▸ **HOW TO COMPLETE THIS TASK**:
Look below for the line containing "2015 Peugeot 308", then write out that line and every line after it to the end, exactly, minus the pictures.

▸ **PROVIDED RECORDS**:
━━━━━━━━━━

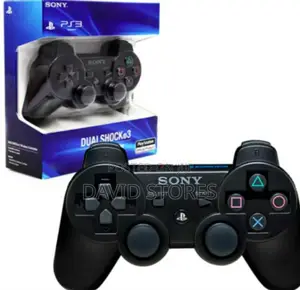 Sony Wireless Ps3 Controller – Original, Smooth Responsive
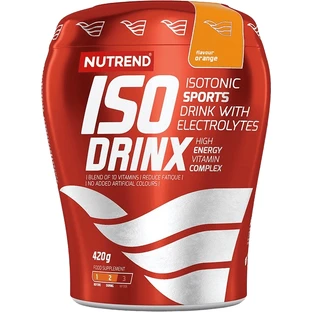 Nutrend Isodrinx апельсин 420 г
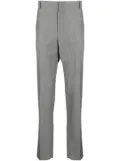 Alexander McQueen tailored wool trousers - Grey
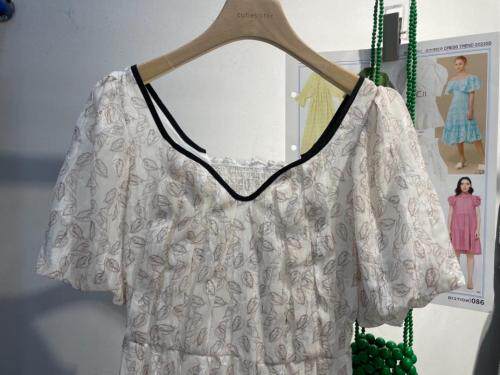 连衣裙，女装连衣裙，可家 cutiesister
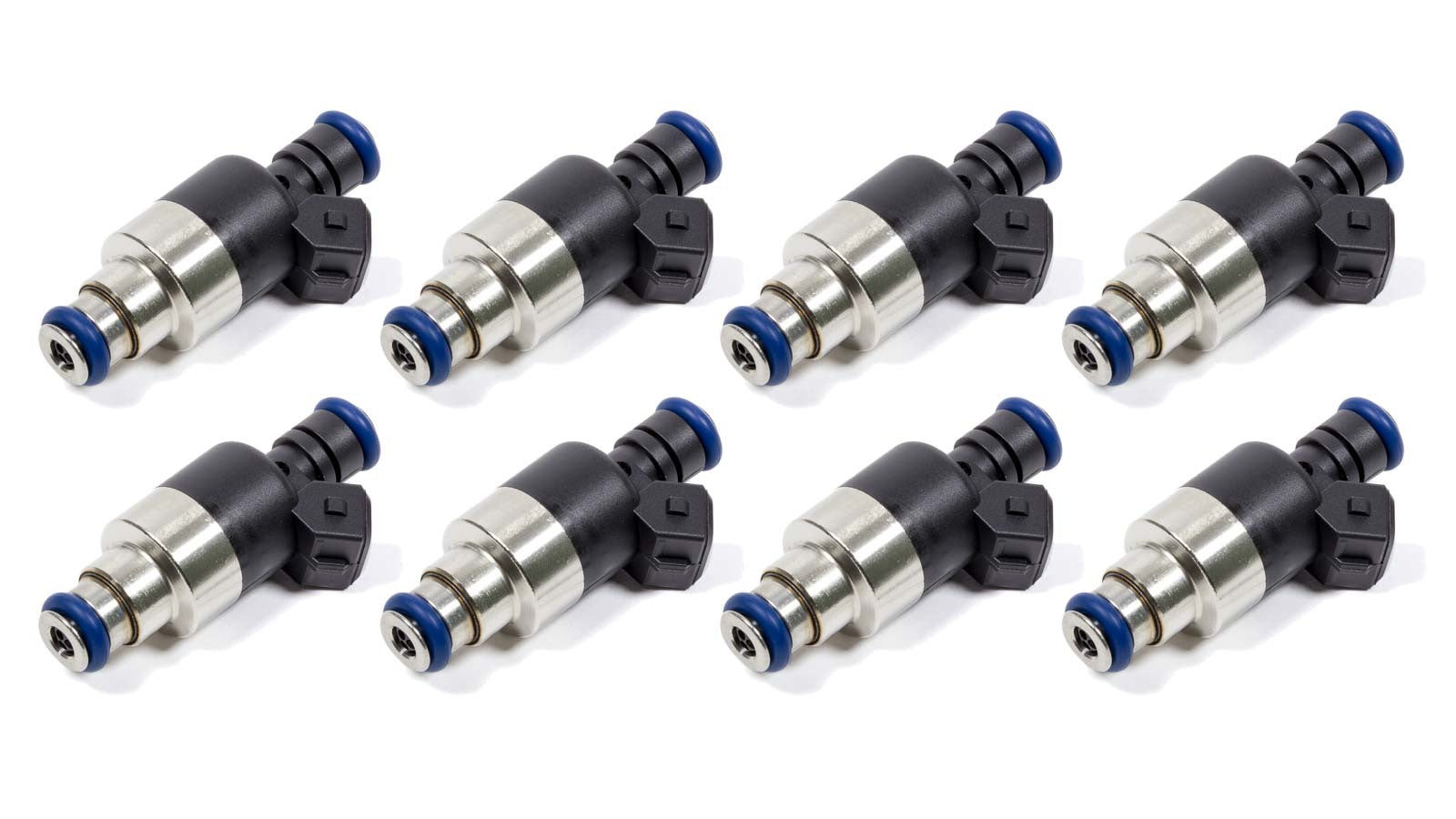 Holley EFI 42lb/hr High Impedance Injectors EV1 Connector | GGCRACING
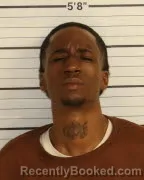 Mugshot of ANTON M DAVIS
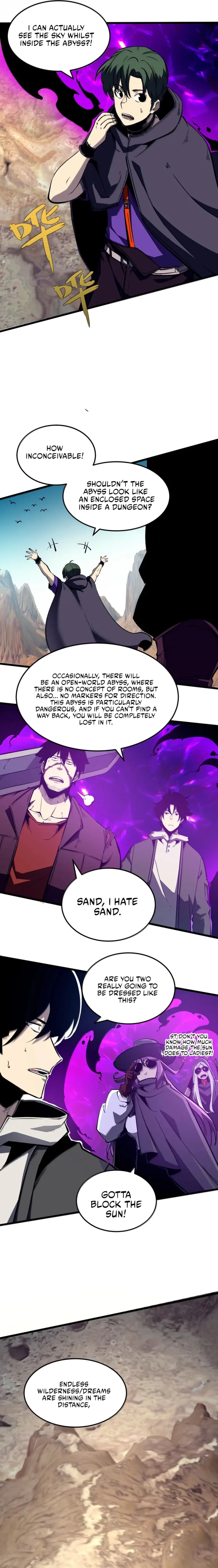 Read I Became The King by Scavenging EN Manga Online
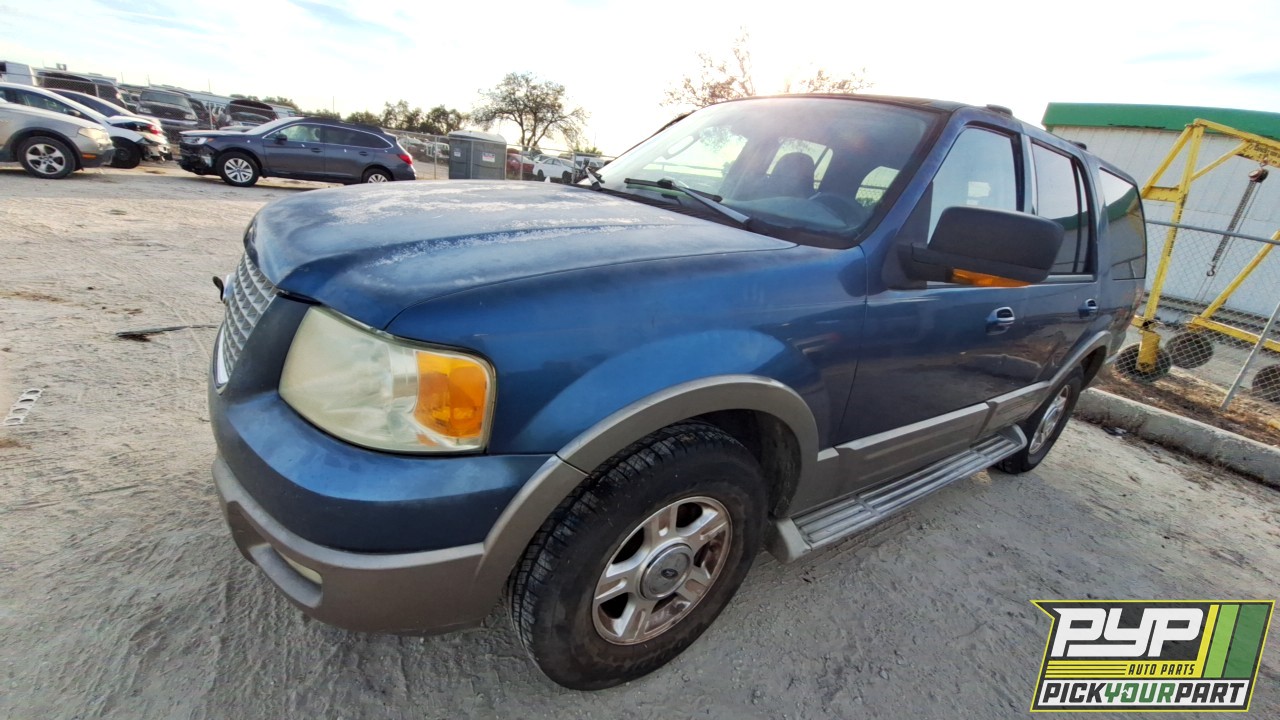 2004 FORD EXPEDITION partes disponibles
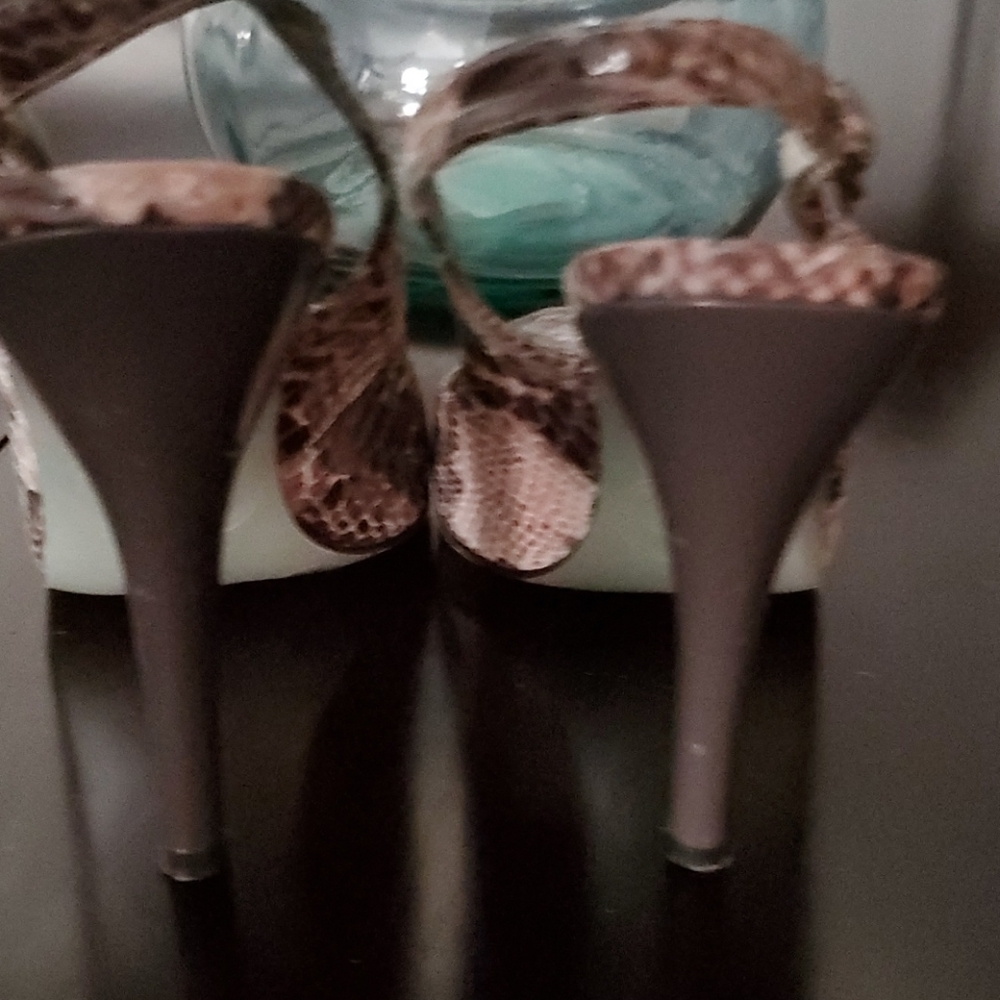Jessica Simpson slingback - Picture 2 of 4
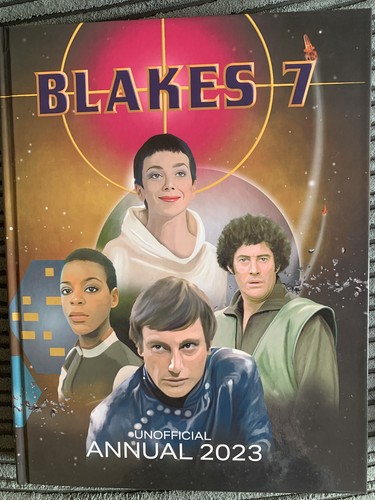 Blakes unofficial annual - blakes,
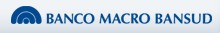BANCO MACROBANSUD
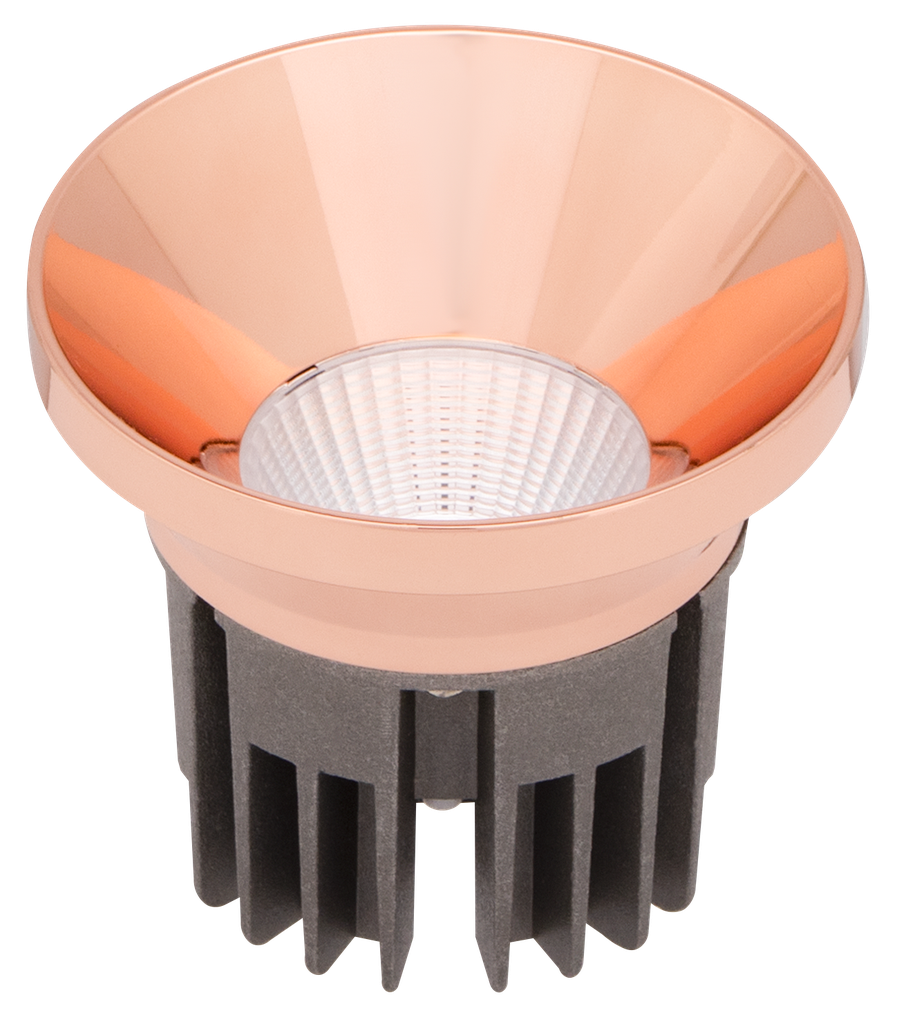 S-RH7-211245-SPOT LED A ENCASTRER ROND COB 220V  RHONDA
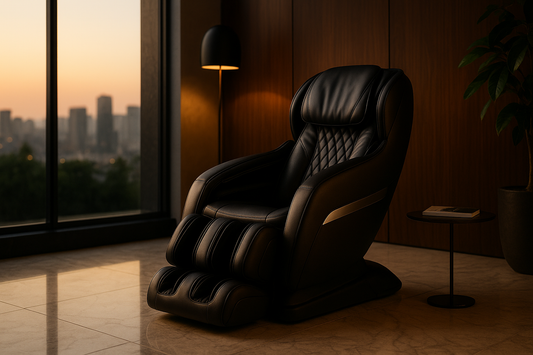 Luxury Full Body Massage Chair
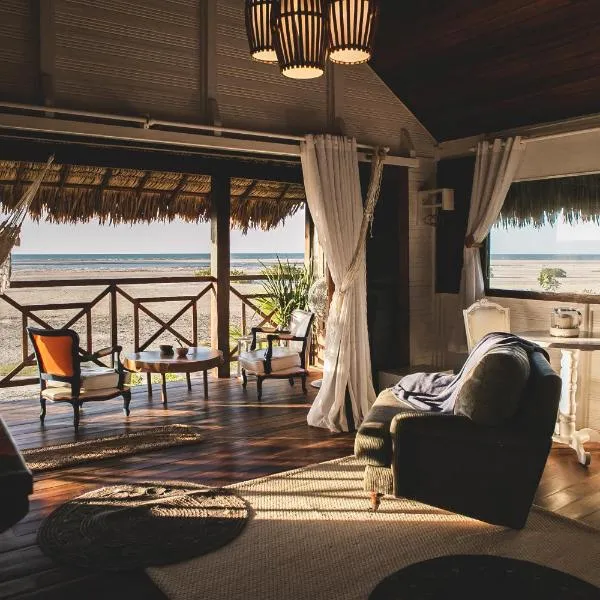 Kitejuba Bungalows, hotel v destinaci Tatajuba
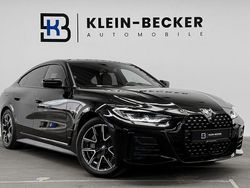 Schwarz Gebraucht 2022 BMW 430 Gran Coupé M Sport Coupé | 39.990 € (Guter Preis)
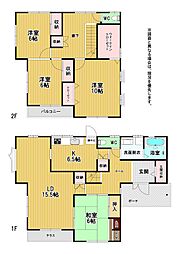 下吉田四丁目戸建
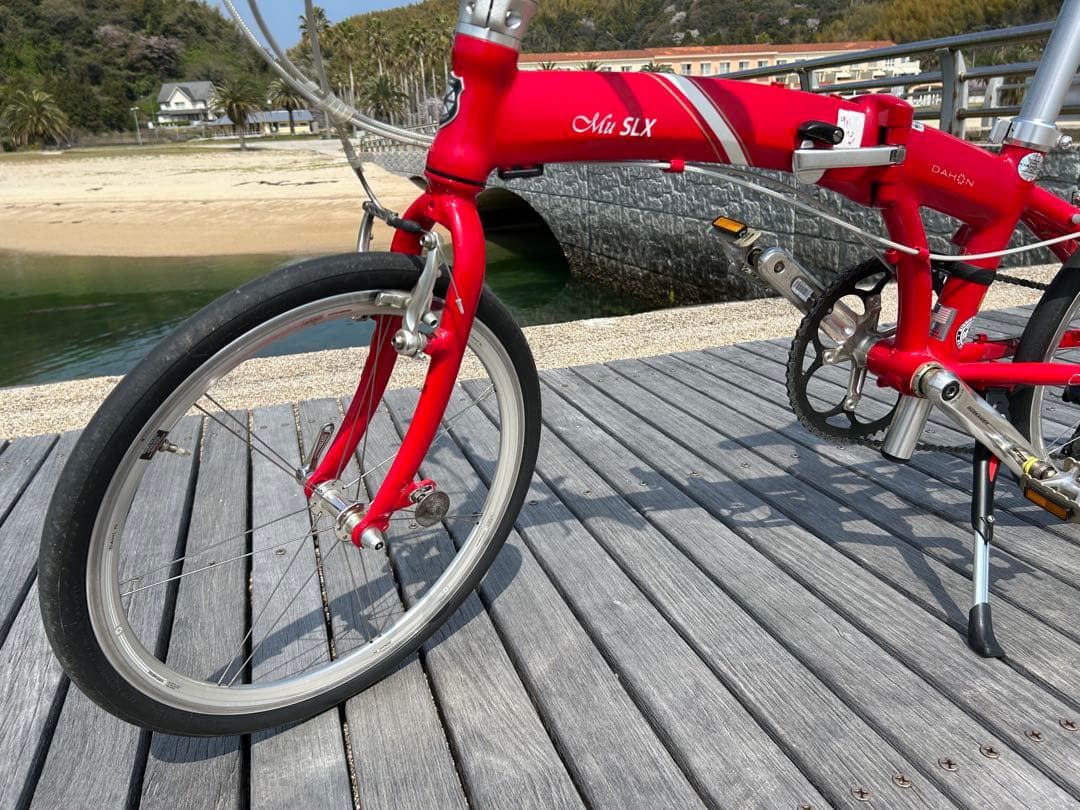 自転車本体 DAHON Mu SLX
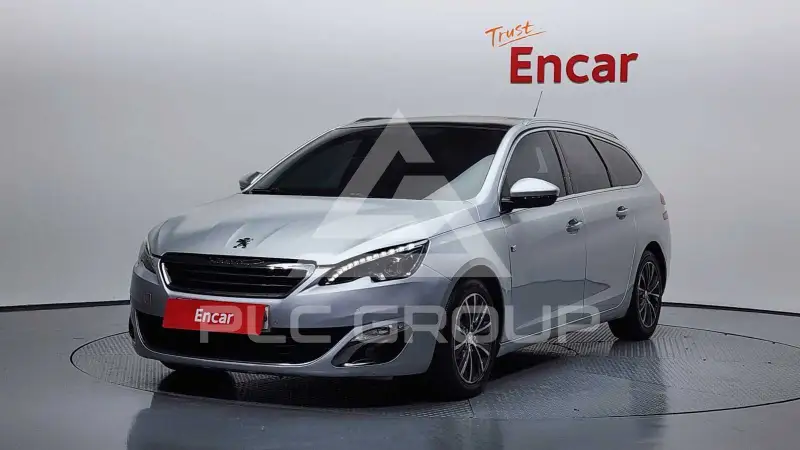 2015 Peugeot 308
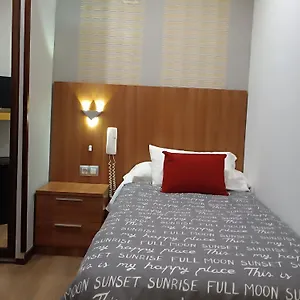  Hotel San Francisco Spagna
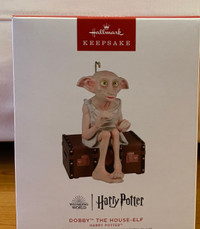 Hallmark 2023 Keepsake Harry Potter Dobby the House-Elf Ornament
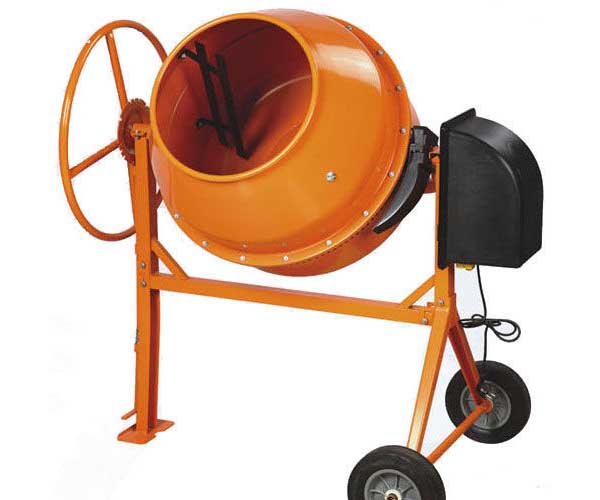 میکسر آزمایشگاهی بتن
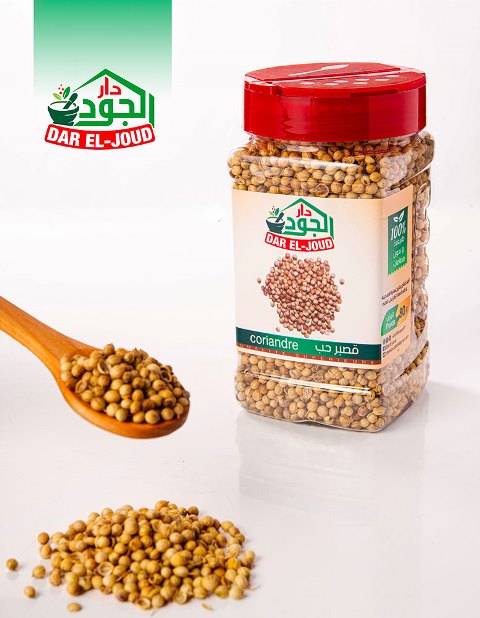 coriandre grain
 ,80g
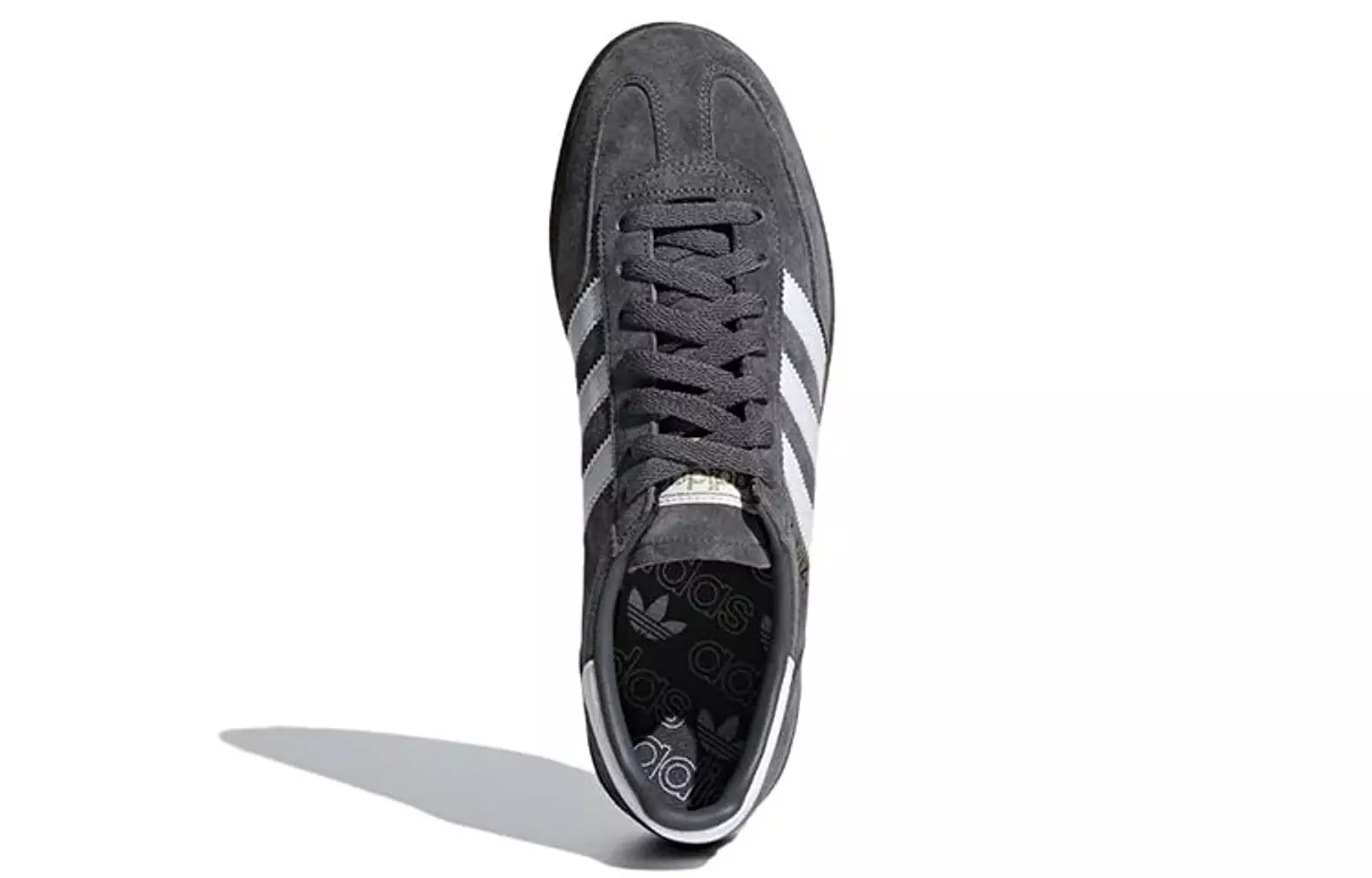 adidas handball spezial Grey White 2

━━━━━━━━━━

▸ **ANSWER**:
 2015 Peugeot 308
  Hotel San Francisco Spagna
 Hallmark 2023 Keepsake Harry Potter Dobby the House-Elf Ornament
 میکسر آزمایشگاهی بتن
 coriandre grain
 ,80g
 adidas handball spezial Grey White 2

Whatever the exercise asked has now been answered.